Road Safety During COVID-19

With fewer cars on the road because of stay-at-home orders and recommendations issued in response to COVID-19, there have been fewer road crashes. The reduction in number of crashes, however, has not decreased in proportion to the reduction in number of vehicles on the road. And, as roads become less crowded with vehicles, many drivers exceed the speed limit at dangerous levels. The crashes that occur are often severe because speed is the biggest determinant of serious injury and mortality.

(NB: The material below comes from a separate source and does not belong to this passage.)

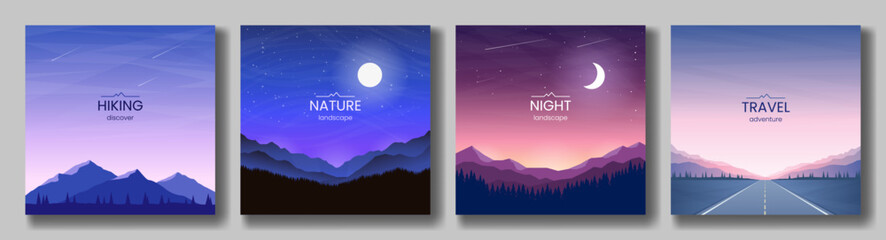 Fototapeta na wymiar A collection of four landscapes. Mountain peaks, night sky, moon and stars, bright sunset, road in the mountains. Concept of tourism. Design for card, banner, invitation, brochure, cover. Vector image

While there are currently fewer cars on the road, the number of pedestrians and bicyclists on the road has increased significantly. It has become clearer than ever before that roads do not belong to vehicles alone but rather are shared spaces for cars, pedestrians, cyclists, scooters and other modes of transportation.

Because of the recommendation to keep at least 6 feet from others, people walk and bike ride in the street to maintain this distance. In addition, while some drivers have become more aware and careful of pedestrians and bicyclists, others are distracted or speed and do not focus on the pedestrians and cyclists who are out in greater than normal numbers.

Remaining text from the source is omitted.